The state of Michigan is one of eight states and two provinces in the Great Lakes region. In an effort to increase cooperation on protecting the Great Lakes, all eight US states that border the Great Lakes (MN, WI, IL, IN, MI, OH, PA, and NY), along with the Canadian provinces of Quebec and Ontario, agreed in 2005 with the goal of promoting responsible use and sustainable management of the shared water resources. This agreement became law in 2008 with the Great Lakes—St. Lawrence River Basin Water Resources Compact. One of the most important parts of this legislation is a ban on new diversions of water outside of the Great Lakes Basin, with two notable exceptions: the ban did not apply to existing diversions or to water diverted in containers smaller than 5.7 gallons. Since Nestlé had already begun bottling and exporting water from Michigan in 2002, this law didn’t impact their existing operations in Mecosta County. Furthermore, since Blue Triton’s diversion of groundwater at White Pine Springs is shipped in containers smaller than 5.7 gallons, the Compact diversion ban does not apply.

Legal Precedent

Although not directly written into law, legal precedents, which are previous court rulings that have broader implications, can serve as an important tool for determining the legality of a given water use or diversion, including for the sale of bottled water. There are two significant cases precedents that apply to water withdrawals and diversions in Michigan. The first of these cases is the leading Michigan Supreme Court decision that dates back to 1917 in Schenck vs. Ann Arbor. At the time, the city of Ann Arbor pumped water from a well in farmland just outside city limits, eventually diverting almost 4 million gallons daily to supply the municipal water system and selling any excess water. A neighboring farmer, Gustave Schenk, noticed that the water level in his well dropped considerably as the city of Ann Arbor increased its use of the well and sued the city. The court ruled in Schenck’s favor, ordering the City of Ann Arbor to dig him a deeper well that was below the drop in groundwater level from pumping because the pumping and diversion had lowered water levels of Schenk and his neighbors. Schenck vs. Ann Arbor reinforced the reasonable use and correlative rights doctrine, because the court ruled that a water diversion away from the land for use or sale elsewhere was unlawful or unreasonable if it measurably diminished the flow or level of a stream or lake.

The other case is Michigan Citizens for Water Conservation v Nestle, the 2005 case mentioned above, that resulted in a court ordered reduction in pumping, because the pumping had significantly diminished flows and levels and caused substantial or unreasonable harm to the downstream landowners and the public’s use of the stream. While the court ignored the more stringent principles against diversion of water for sale in Schenk, it nonetheless affirmed the injunction issued by the trial court and remanded the case for the lower court to establish a level that assured adequate water in the stream for the downstream landowners and the public.

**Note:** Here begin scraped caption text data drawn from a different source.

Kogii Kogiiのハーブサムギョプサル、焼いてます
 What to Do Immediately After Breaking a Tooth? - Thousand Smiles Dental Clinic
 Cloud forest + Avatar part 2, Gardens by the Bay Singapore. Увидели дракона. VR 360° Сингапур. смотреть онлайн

The Schenk and Michigan Citizens for Water Conservation cases, if followed, provide for significant basis to limit groundwater use and diversions and protect Michigan’s freshwater and related aquatic resources, especially water diversions from private groundwater wells for bottled water sales in and out of Michigan. The principles of these cases were even listed as standards that must be met before large-volume water wells for bottled water can be permitted under Michigan’s Groundwater Withdrawal Act of 2008 and the amendments to the Safe Drinking Water Act in 2006 and 2008.

These precedents offer sound principles that casts doubt and impose limitations on the ability of Blue Triton and others to use Michigan’s freshwater when it is shown, as evidenced by competent monitoring data and the direct observations during pumping by local residents, that the pumping and diversion has dropped or will drop the flow or levels of the water in neighboring wells and Michigan’s lakes and streams.